Günün getirdiği sıkıntılarla mücadele etmeye çabalarken toplumu bazen göremiyor olmamız normal. Özellikle bu yıllarda adamızda hızla değişen toplum yapısı, yapılara fazla gelen insan sayısı, yetersiz kalan alanlara inat fazla fazla getirtilen araçlara bakınca hangi toplumu neresinden tutacağımızı, kimin hangi sorununa yoğunlaşacağımızı şaşırıyoruz. Kontrolü kaybettiğimiz bir sistemde kişisel olarak ayakta durmaya çalışmaktan toplum olarak hareket edemiyoruz. Çoğu zaman da buna sebep olan şey kişisel hırslarımız. Bunu aşmayı başarabildiğimiz zaman daha iyi şartlar yaratarak daha iyi yaşam alanları oluşturacağımıza inatla inanmak istiyoruz ve bunu umut ediyoruz. Aslında bu yüzden toplum adına bir şeyler yapma çabamız devam ediyor, umutlarımız devam ediyor. Bu yüzden bırakmıyoruz. Neyi neresinden tutup düzeltmeye çalışırsak kârdır diyoruz. Çünkü insan olmak bunu gerektirir.
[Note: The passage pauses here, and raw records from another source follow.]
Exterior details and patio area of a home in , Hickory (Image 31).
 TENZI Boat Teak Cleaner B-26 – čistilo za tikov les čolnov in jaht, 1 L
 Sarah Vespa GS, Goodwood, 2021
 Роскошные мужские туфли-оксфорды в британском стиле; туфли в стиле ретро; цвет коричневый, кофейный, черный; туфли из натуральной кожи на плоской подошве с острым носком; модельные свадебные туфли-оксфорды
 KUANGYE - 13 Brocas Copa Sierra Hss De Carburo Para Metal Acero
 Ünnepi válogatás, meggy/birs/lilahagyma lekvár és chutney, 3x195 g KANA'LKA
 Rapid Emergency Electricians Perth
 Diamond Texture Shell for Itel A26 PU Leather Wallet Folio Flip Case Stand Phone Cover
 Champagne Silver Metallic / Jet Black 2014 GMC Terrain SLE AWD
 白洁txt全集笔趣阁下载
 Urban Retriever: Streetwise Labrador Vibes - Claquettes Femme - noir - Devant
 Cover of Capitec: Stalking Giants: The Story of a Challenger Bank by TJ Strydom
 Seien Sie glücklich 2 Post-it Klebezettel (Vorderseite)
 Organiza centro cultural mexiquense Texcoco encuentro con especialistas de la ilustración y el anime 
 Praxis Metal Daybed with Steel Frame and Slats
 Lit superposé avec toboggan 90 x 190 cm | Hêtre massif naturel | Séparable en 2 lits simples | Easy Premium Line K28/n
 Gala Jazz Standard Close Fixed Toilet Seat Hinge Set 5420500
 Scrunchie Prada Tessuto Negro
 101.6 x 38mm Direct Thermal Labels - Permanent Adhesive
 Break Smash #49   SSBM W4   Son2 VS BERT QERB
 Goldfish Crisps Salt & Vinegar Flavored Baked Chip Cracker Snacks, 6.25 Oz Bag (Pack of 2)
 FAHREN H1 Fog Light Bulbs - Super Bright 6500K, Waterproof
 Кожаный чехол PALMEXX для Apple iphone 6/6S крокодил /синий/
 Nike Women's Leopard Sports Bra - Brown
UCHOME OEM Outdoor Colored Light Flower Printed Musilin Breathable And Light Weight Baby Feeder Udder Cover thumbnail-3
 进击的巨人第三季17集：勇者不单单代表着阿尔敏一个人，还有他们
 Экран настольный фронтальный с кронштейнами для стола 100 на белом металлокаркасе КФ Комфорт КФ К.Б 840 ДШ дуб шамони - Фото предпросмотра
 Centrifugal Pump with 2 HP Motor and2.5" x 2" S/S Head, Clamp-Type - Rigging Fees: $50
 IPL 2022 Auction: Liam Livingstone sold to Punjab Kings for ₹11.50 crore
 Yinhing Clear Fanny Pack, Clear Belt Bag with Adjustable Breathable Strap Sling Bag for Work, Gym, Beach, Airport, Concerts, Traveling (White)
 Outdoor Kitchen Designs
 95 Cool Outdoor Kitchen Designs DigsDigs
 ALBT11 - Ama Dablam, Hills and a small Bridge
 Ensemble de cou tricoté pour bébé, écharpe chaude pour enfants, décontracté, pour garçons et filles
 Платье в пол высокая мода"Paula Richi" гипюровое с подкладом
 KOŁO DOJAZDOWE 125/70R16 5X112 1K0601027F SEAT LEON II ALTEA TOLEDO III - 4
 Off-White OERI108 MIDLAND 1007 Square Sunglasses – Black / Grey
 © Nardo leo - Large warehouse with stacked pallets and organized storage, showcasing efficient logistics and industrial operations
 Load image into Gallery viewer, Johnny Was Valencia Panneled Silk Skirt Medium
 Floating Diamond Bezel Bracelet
Paylaşmak istediğimiz sıkıntıları korkmadan utanmadan paylaşmaya başlayacağımız zaman, paylaşacağımız sıkıntılar için çözümler üretileceği zaman, biz kendimiz dışındaki kişilerin sıkıntılarına çözümler bulduğumuz zaman iyileşme sürecine girmiş olacağız. İyileştikçe iyileştirecek, iyileştirdikçe de mutlu olacağız. İnsani duyguları kaybetmemek için iyiye iyiliğe insana sımsıkı sarılacağız. En dibe vurduğumuz zamanlarda bile pes etmek yerine devam etmeyi seçme nedenimiz budur. Tüm meselemiz insana dokunabilmek, topluma ulaşabilmektir. Bunu başardıkça insan kalmaya devam edeceğiz; el ele, kol kola, sımsıkı.